Der „Tatort“ aus Luzern überrascht mit dem Tabuthema „Intersexualität“. So beiläufig dieser „Tatort“ scheint, so wartet er am Ende doch mit viel Mitgefühl für diese Mädchen auf, die keine sind und auch nicht sein wollen.

Luzern - D ie Vorurteile stimmen als doch: Schweizer sind einfach etwas langsamer. Bei dem neuen „Tatort“ aus Luzern konnte es einen schon in den Fingen jucken, mal eben auf Schnellvorlauf zu drücken. Denn nicht nur die Kamera hat sich Zeit gelassen, um geheimnisvoll durchs Unterholz zu schweifen, auch über den Szenen selbst lag eine bleierne Schwere. Reto Flückiger und seine Kollegen wirken so, als habe man sie eben erst in diese ihnen völlig fremde Krimiwelt hineingeworfen.

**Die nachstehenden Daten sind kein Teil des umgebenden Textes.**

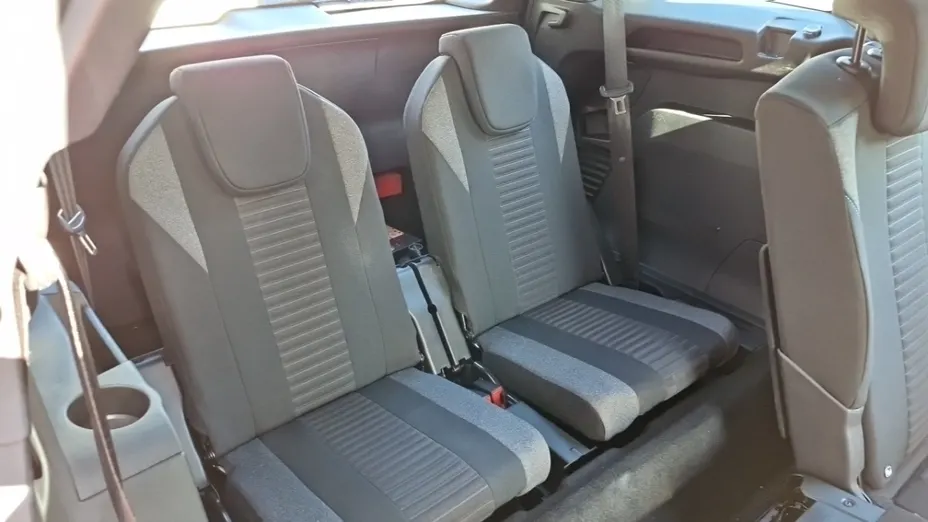 PEUGEOT 5008 -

Auch mit der Sprache stehen sie auf Kriegsfuß. Da sitzen die Ermittler auf dem Sofa und wissen nicht, was sie fragen könnten. Kein Wunder, dass die Verdächtigen erklären: „Ich sage gar nichts“ oder „Ich möchte, dass Sie uns in Ruhe lassen“.

 

Trotzdem überraschen die Schweizer immer wieder. Kurz vor Feierabend kommt es schnell noch zu einer Schlägerei und einer Verfolgungsjagd. Auch die Thematik lässt aufhorchen: Intersexualität. Ein Chirurg wird umgebracht. Alle könnten es gewesen sein. Aber Reto Flückiger (Stefan Gubser) und seine neue Kollegin Liz Ritschard (Delia Mayer) legen einen Sumpf frei, der so grausam wie glaubhaft ist: Dr. Lanther hat den Hermaphroditen als Kinder operativ ein Geschlecht zugewiesen, leider oftmals das falsche. Er hat experimentiert – am lebendigen Menschen.

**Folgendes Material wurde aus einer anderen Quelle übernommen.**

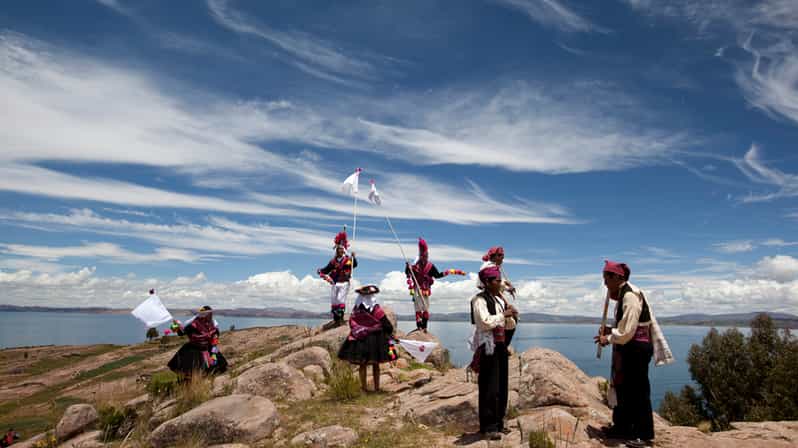 Lake Titicaca 2-Day Tour to Uros, Amantani and Taquile - Day two: Taquile’s weaving and island culture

So beiläufig dieser „Tatort“ scheint, so wartet er am Ende doch mit viel Mitgefühl für diese Mädchen auf, die keine sind und auch nicht sein wollen. Und so betulich die Ermittler scheinen, sie sind mitunter ziemlich clever. Dass das Skalpell im Hals des Opfers ausgerechnet mit einer Armbrust abgeschossen wurde, darauf kann man wohl einfach nur in der Schweiz kommen. Wobei man es hätte ahnen können – denn sah der Mörder mit seinem struppigen Bart nicht tatsächlich aus wie Wilhelm Tell?